Living a life defined by what you own?
The tale of Narcissus and Echo comes from ancient Greek mythology, the former was a man that was known for his beauty and never accepted the romantic advances of anyone, including Echo who fell in love with him, but had been cursed by the goddess Hera and could only repeat the last words that were said to her, thus she could never confess her feelings towards Narcissus nor say anything, but watch as he fell in love... With his own reflection in a pond.
We live in a society where everything is defined by possessions, everything that you are, all of your worth, is defined in dollars, and it must be shouted loud! The latest smartphone, the most expansive clothes, the best looking and most expansive car, the need to change and buy each of these again next year as the new model is out.
Of course, as a disclaimer, none of this is supposed to be confused with hobbies and passions (including anything from cars to clothes), but rather a pure definition of someone by their ownership of material possessions and to show it to everyone else, be it for an intrinsic narcissism or just because they were conditioned by society to be like that, as an illusion to what is necessary to be successful: We consume in order to find our value in the world.
Your home is a reflection of your life, so it should be perfectly styled and filled with expansive items and decorations to make that reflection shine. Your clothes are your representation of the outside world and thus, you have to show the absolute very best and the greatest variety. Everything in the modern world we live today tries their very best to keep us tied into this eternal cycle of consumerism, buying things not because we truly enjoy them but by convincing us that we need them and that just fuels the aforementioned social satisfaction of having a house or a body being filled with ever more expansive items, but what is the meaning of all of it? To end up falling in love with one's own reflection such as Narcissus or to repeat the last trends of those who are high in the social circles, chasing the sense of modern social belonging forever like a lost Echo?
It is a philosophy of life that attempts to fix this issue of consumerism that is ever more present in our lives, and much to the opposite of what many people think, it's not necessarily about living in an empty, white, 10 square meters apartment with nothing but a spoon and sleeping on the floor, but rather decreasing the number of possessions you own to those that really make you happy, and valuing much more experiences, growth, health, love, passions, friends, and family.

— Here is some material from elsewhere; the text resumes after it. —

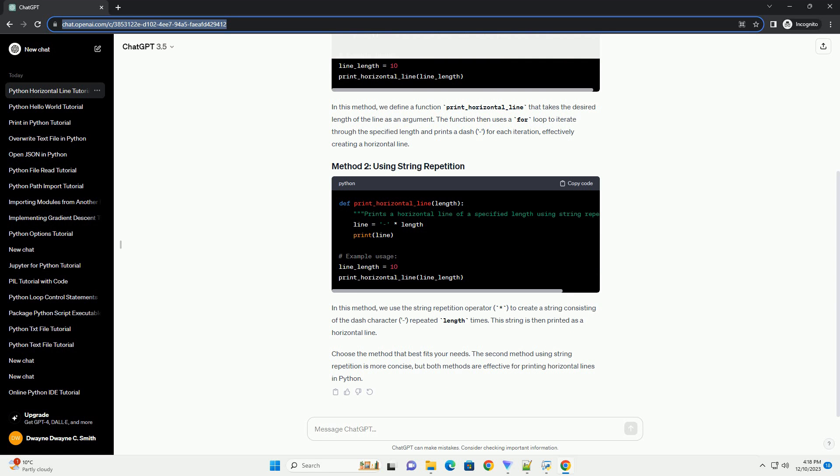Choose the method that best fits your needs. The second method using string repetition is more concise, but both methods are effective for printing horizontal lines in Python.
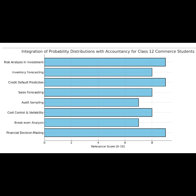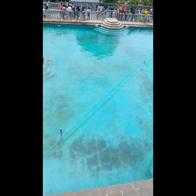This graph clearly shows how probability distributions can be meaningfully applied to various topics in accountancy, making learning relevant and innovative for Class 12 commerce students. From predicting investment risks to improving sales focus and audit accuracy, it empowers students with data-driven insights for smart financial decision-making in business and life. Thank you for listening.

But yes, I get it, it's easy to get tangled between what you own that you truly like and truly makes you happy (your hobbies and passions) and that what just makes you... Comfortable, nor is it easy to adopt such a lifestyle for all facets of life. So I came here to, finally, propose the adoption of minimalism at least as a form of escapism from this ever-increasing consuming-obsesses society, through:
The idea of minimalistic traveling relates to freedom and decisiveness: Taking away the burden of carrying so many possessions with you, with your entire world constituted by just your backpack and those around you, going out of your comfort zone and feeling truly alive. Packing will be a process of stripping down your entire material worth to the bare survival and adding just the essentials to travel and whatever will contribute to make your travel an ever-deeper experience, you can check out how to pack for a minimalistic trip in this article
The mindset of a minimalistic travel adventure is to realize that the world is filled with incredible people, cultures, sights, cuisine, and experiences in general, and this time it will not be just random shiny words thrown out with no deep meaning.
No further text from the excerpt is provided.